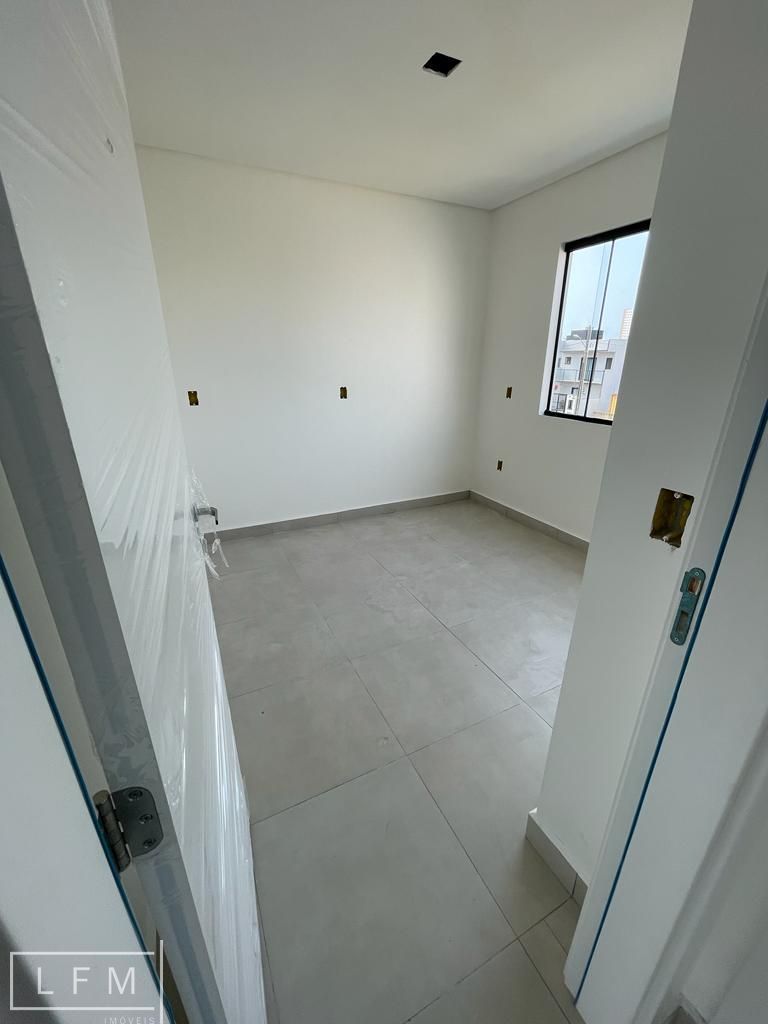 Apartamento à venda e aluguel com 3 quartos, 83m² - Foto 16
==
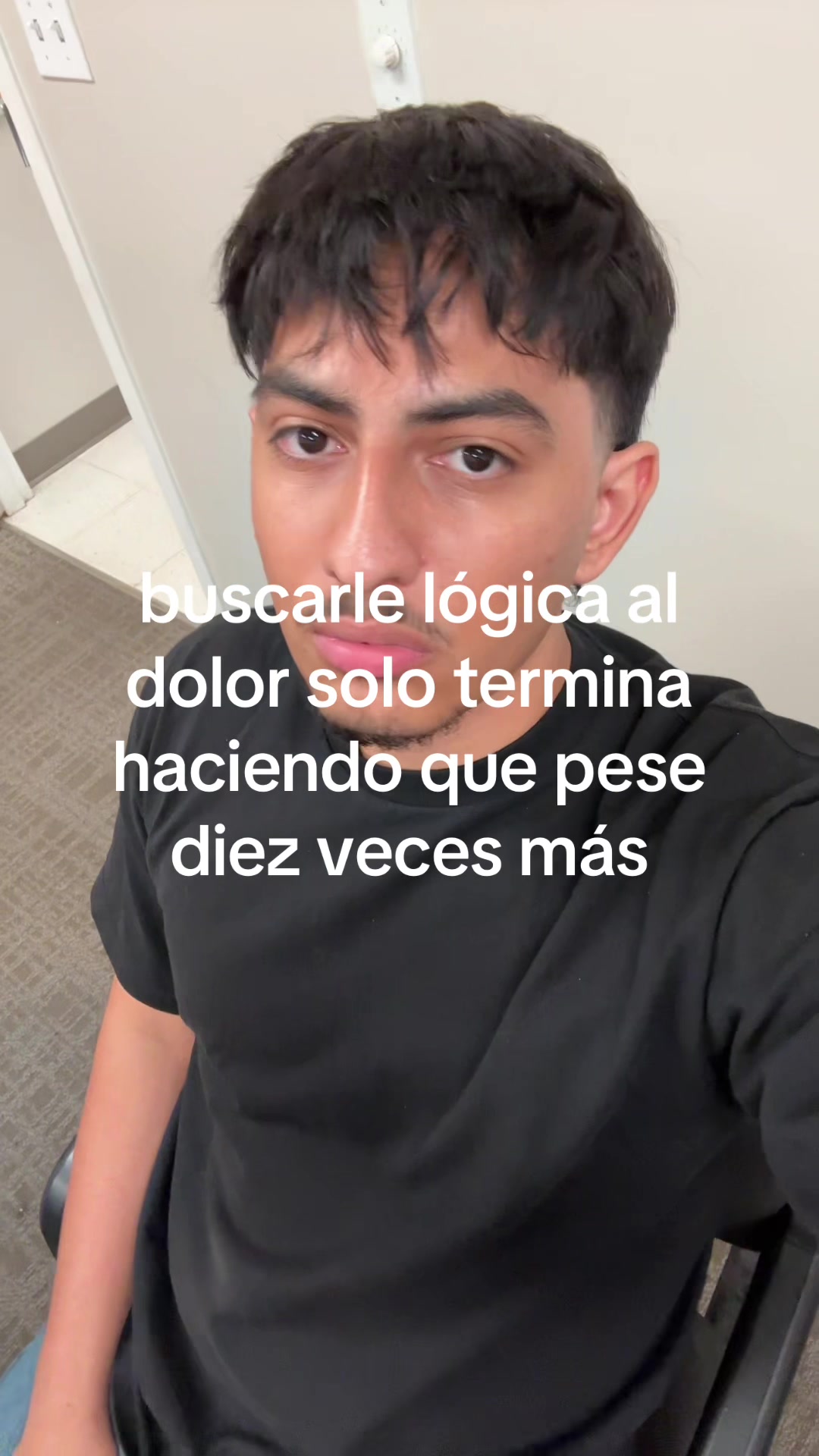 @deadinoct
...
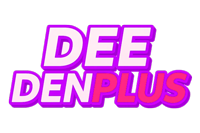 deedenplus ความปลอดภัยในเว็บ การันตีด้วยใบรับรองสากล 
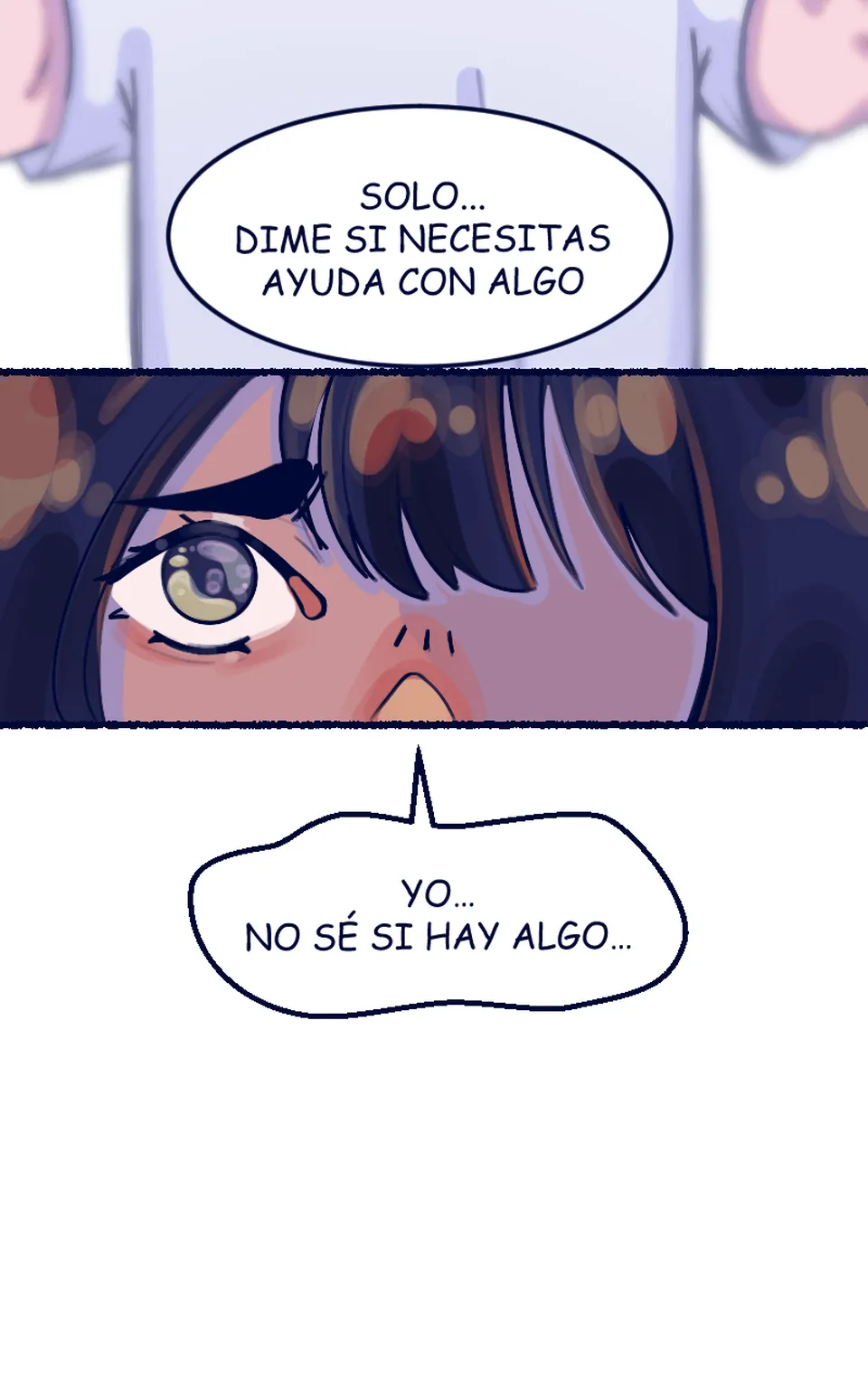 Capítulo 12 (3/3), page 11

_BRIEF_
From the records above, transcribe only the stretch from the line with "deedenplus ความปลอดภัยในเว็บ การันตีด้วยใบรับรองสากล" through the line with "Capítulo 12 (3/3), page 11", keeping both ends. Omit pictures.

_EXERCISE SOLUTION_
 deedenplus ความปลอดภัยในเว็บ การันตีด้วยใบรับรองสากล 
 Capítulo 12 (3/3), page 11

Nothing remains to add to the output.